WHAT TO PRODUCE:
Your copy should hold only the lines from the one containing "mikenekoCHANNE" through the final line of the entries, exactly as written, with no pictures.

ENTRIES SUPPLIED:

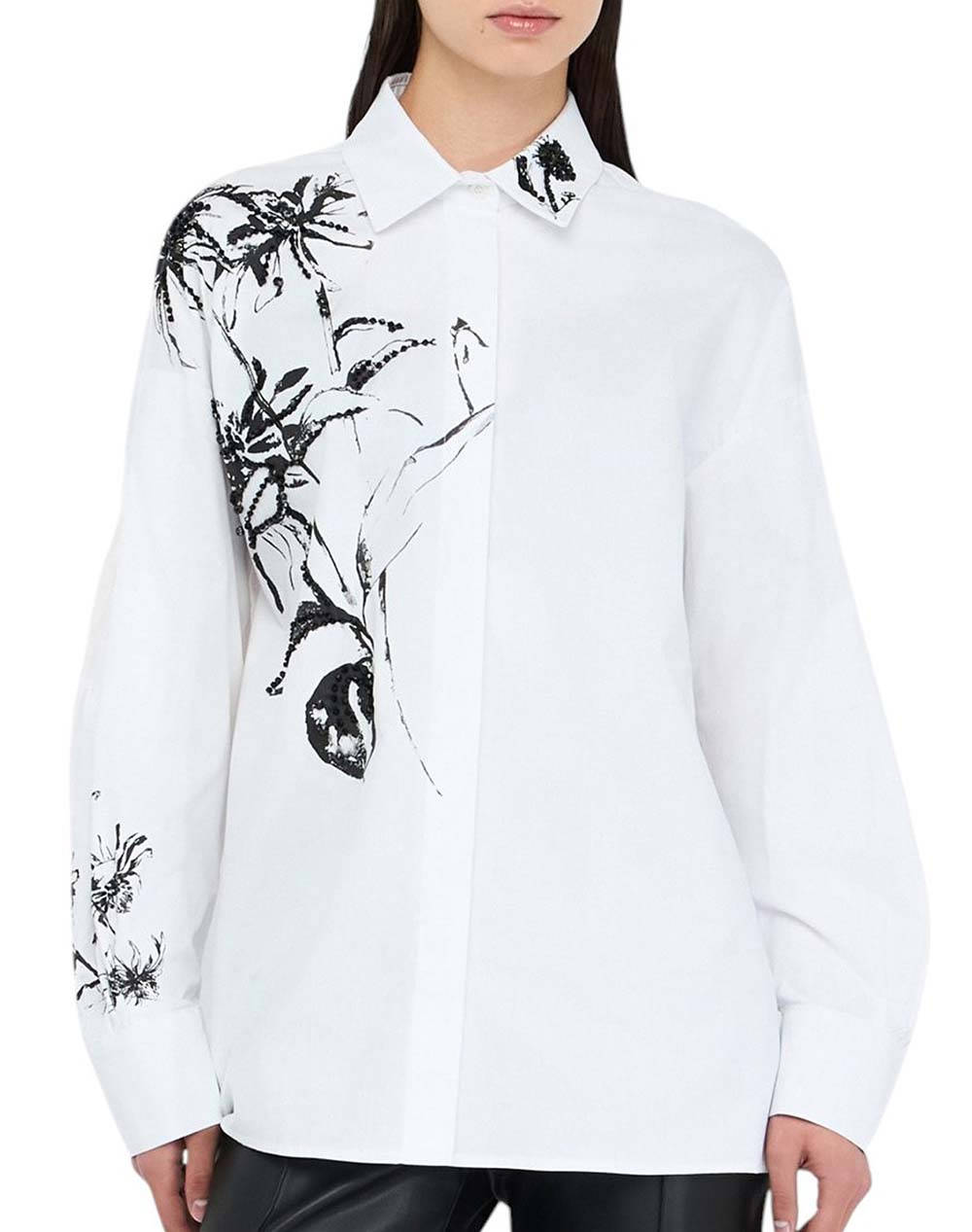 LIU JO BLACK_CF5C06_CAMICIA CON STAMPA PIAZZATA WOMENS SHIRT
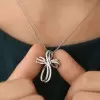 Handmade Sterling Silver Infinity Cross Pendant Necklace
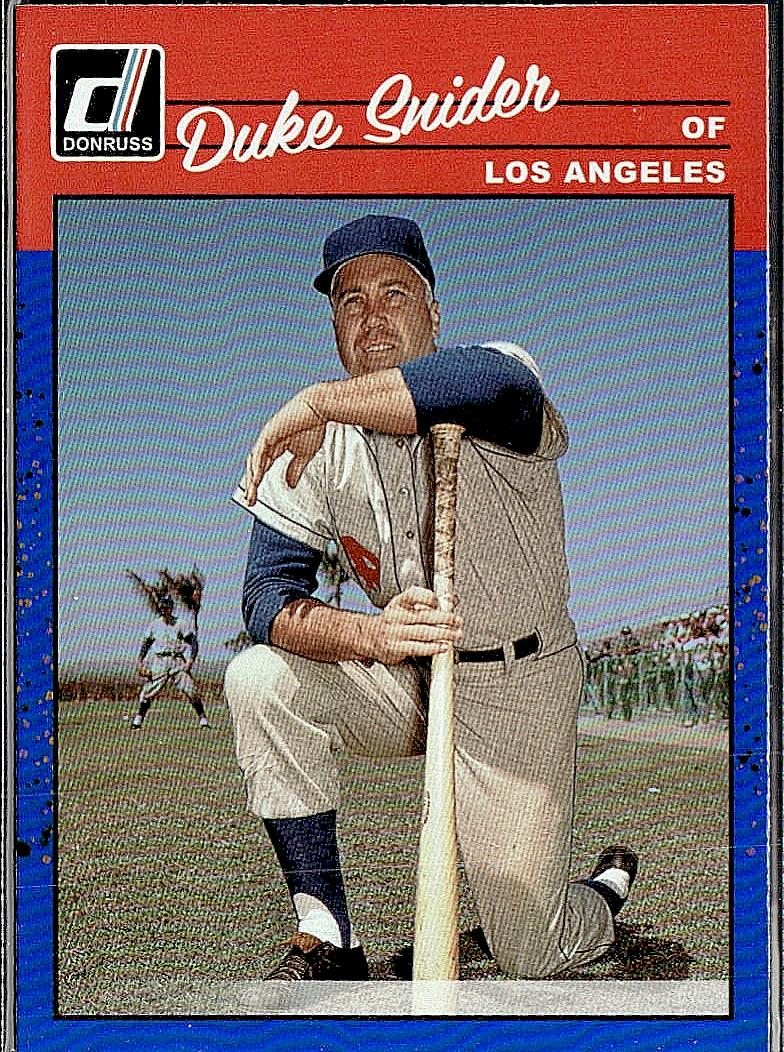 2023 Donruss #282 Duke Snider Holo Blue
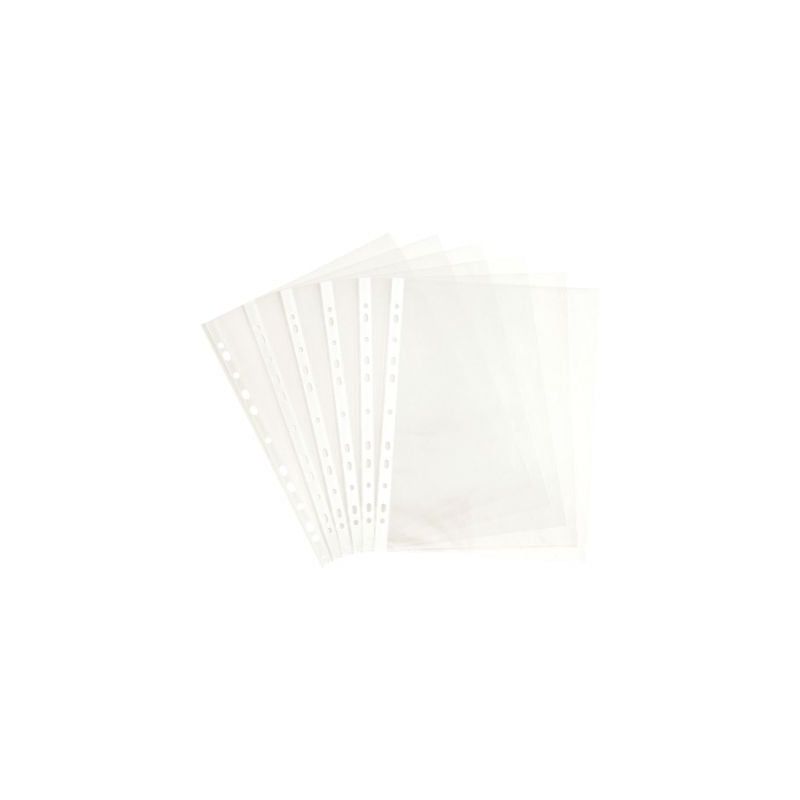 Achetez Carton de 500 pochettes perforées en polypropylène grainé 5/100ème 100741600 pas cher su..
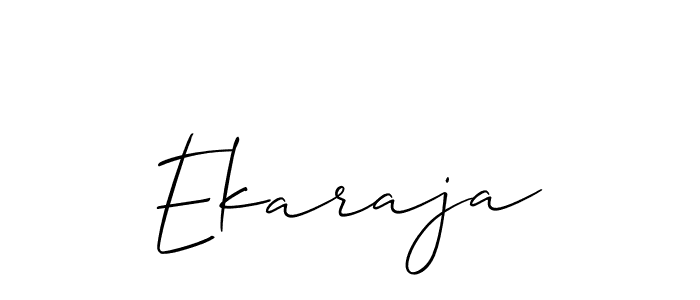 Use a signature maker to create a handwritten signature online. With this signature software, you can design (Allison_Script) your own signature for name Ekaraja. Ekaraja signature style 2 images and pictures png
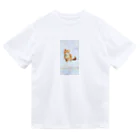 mikenekoCHANNEL〜愛は支配しない〜の猫とシャボン玉 ドライTシャツ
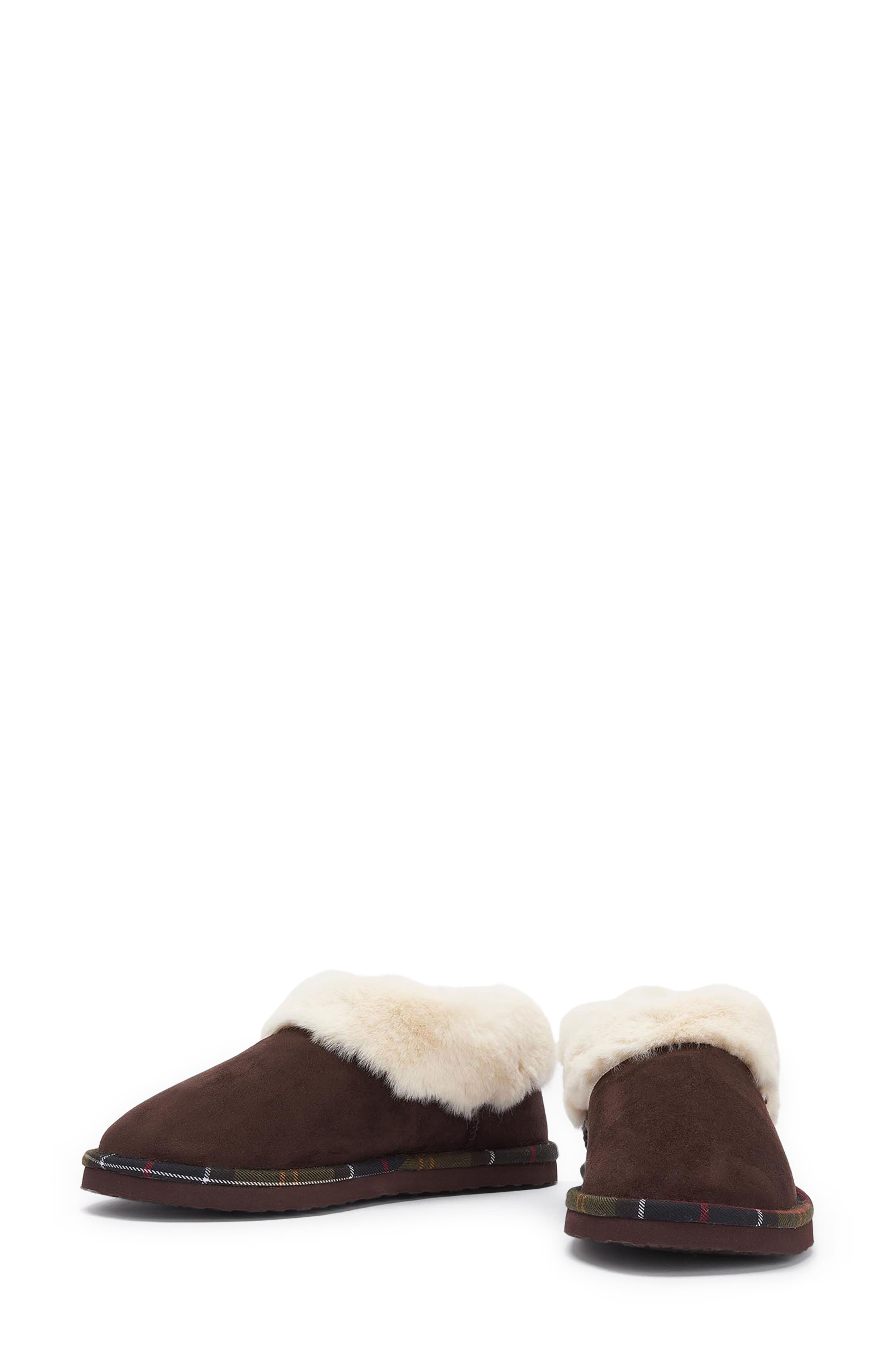 Barbour Eloise Faux Fur Lined Scuff Slipper, Alternate, color, 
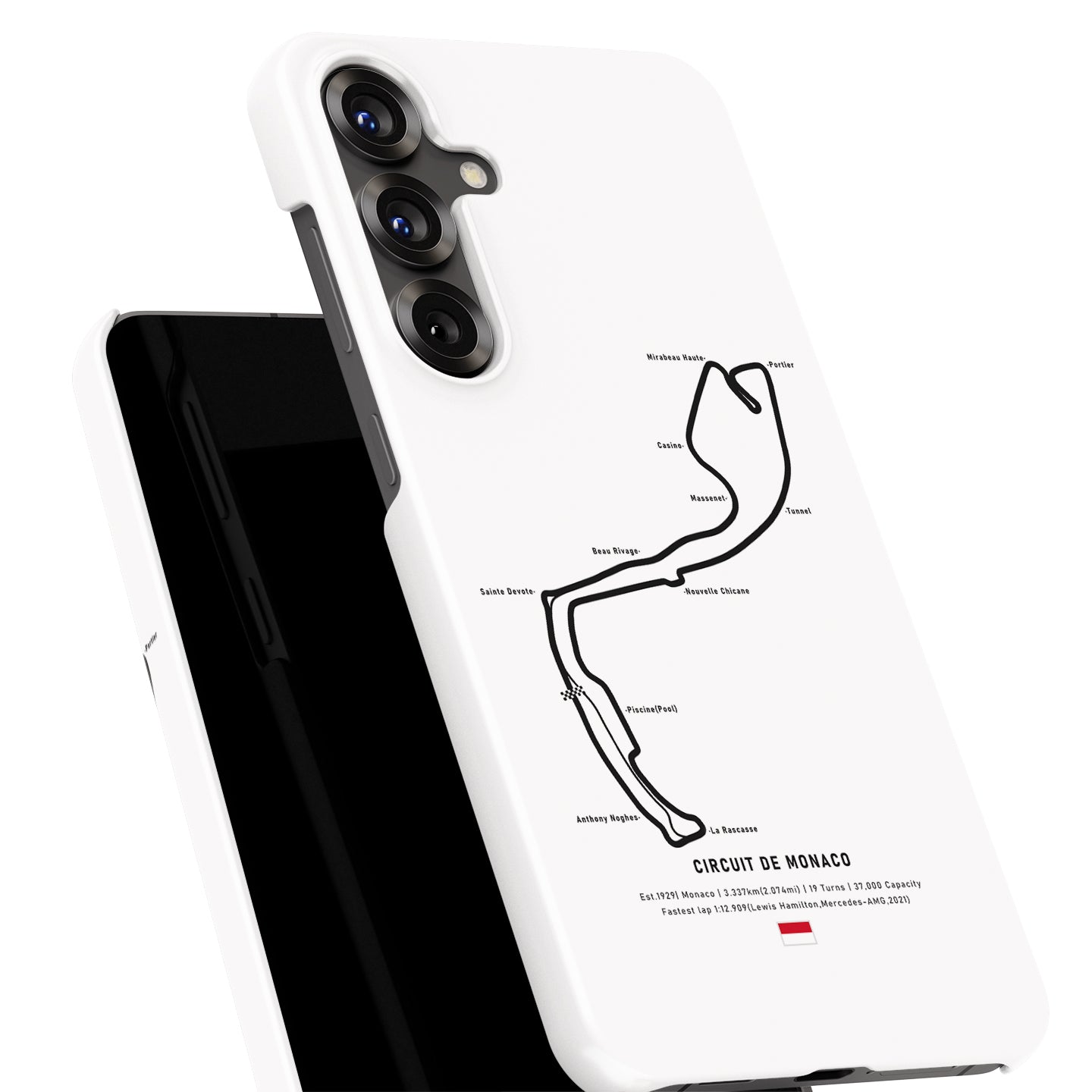 Samsung Case – Circuit de Monaco Track Map, Grand Prix Edition | DIZZY CASE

YOUR SOLUTION:
 mikenekoCHANNEL〜愛は支配しない〜の猫とシャボン玉 ドライTシャツ
 Barbour Eloise Faux Fur Lined Scuff Slipper, Alternate, color, 
 Samsung Case – Circuit de Monaco Track Map, Grand Prix Edition | DIZZY CASE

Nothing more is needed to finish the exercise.